▶ _DATA_:
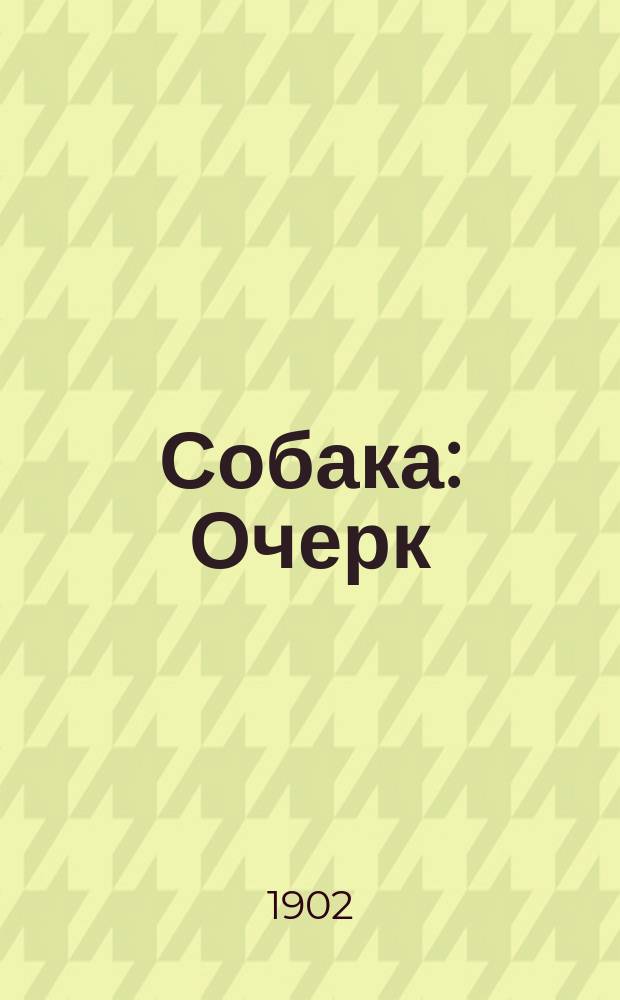 ... Собака : Очерк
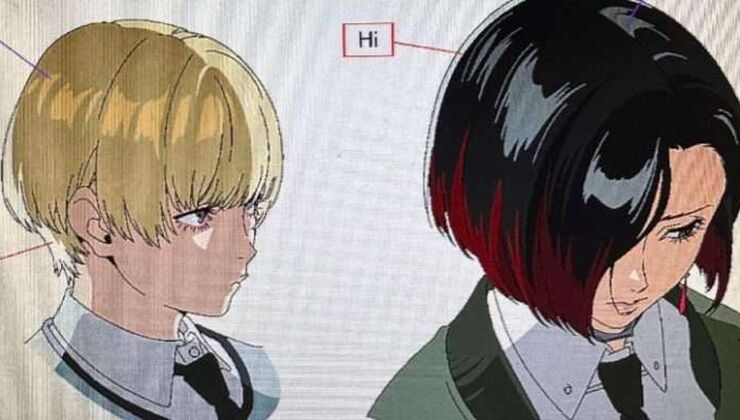 Persona 6 Reveal Leaked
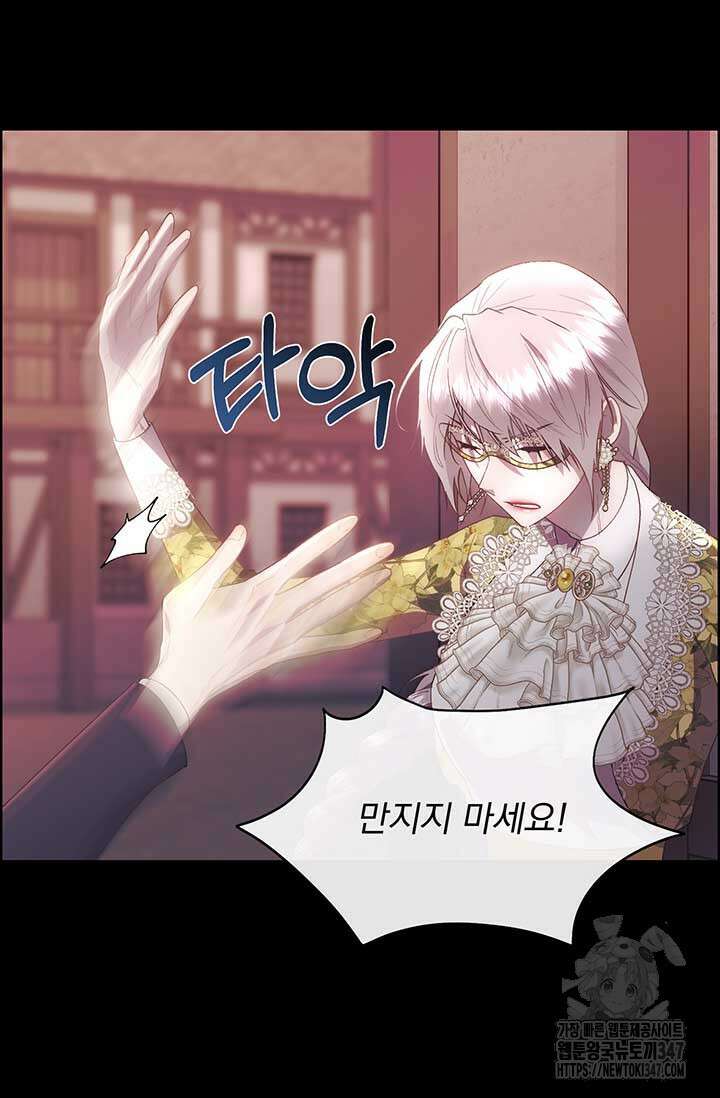 다정한 개새끼의 목을 비틀겠습니다 116화 40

▶ _WHAT YOU ARE ASKED TO DO_: Leave the pictures out and copy exactly the lines from the one that holds "Persona 6 Reveal Leaked" through the last line of the material.

▶ _OUTPUT FOR THIS EXERCISE_:
 Persona 6 Reveal Leaked
 다정한 개새끼의 목을 비틀겠습니다 116화 40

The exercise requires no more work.